Нет, колени у меня готовы были подкоситься самым натуральным образом, но упасть бы – не упала. Однако, оценив ситуацию, решила, что в данный момент это станет лучшим выходом.
– Лира! – Фреда и стоявшие рядом девочки бросились, кто дуть мне в лицо, кто помогать подняться.
– Простите, я, наверное, немного перегрелась на солнце. – усиленно перебирая ногами, при поддержке Поли и других хористок добралась до лавки.
– Сестра Фреда, пожалуйста, можно она немного посидит. – подруга, молитвенно сложив ладони, за меня попросила руководительницу хора, – ей… столько пришлось пережить. Да и пост…
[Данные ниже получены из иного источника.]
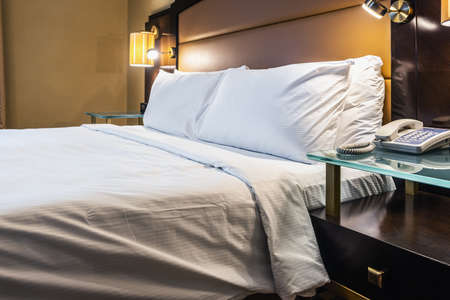 king size bed in the hotel room made for meeting guestsの写真素材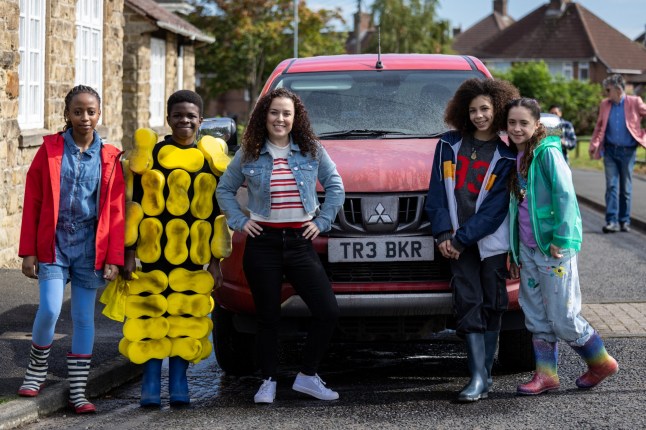 Dani Harmer and four teen actors stand around a Mitsubishi truck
– Знаю. – та нахмурилась куда-то в сторону, так, что стало непонятно, на меня сердится, или потому, что внутренне не одобряла применённые ко мне меры. – Так, девушки, по местам. Лира сегодня ещё отдохнёт. Леся, займи её место.
Для начала, как и положено, немного распелись несложными упражнениями.
Затем соперница, горделиво занимавшая место в центре, одёрнула платье, одарила меня полным превосходства взглядом и запела.
Надо признаться, талант у неё был. Сочный голос красиво вывел первые звуки гимна. Следом подхватили ещё двое, а дальше вступил весь состав. Песнопения в храмах всегда звучат по-особенному. Тут и строгость пения а-капелла, и акустика, и торжественность текстов, которые лично я никогда не могла разобрать.
Клянусь, даже сейчас, сидя в двух метрах от поющих, с большим усилием различала лишь отдельные слова, смазанные многоголосым эхом. Речь шла о божественных родственниках, и что-то про то, чтобы они не плакали о нас. Больше – ничего не понятно.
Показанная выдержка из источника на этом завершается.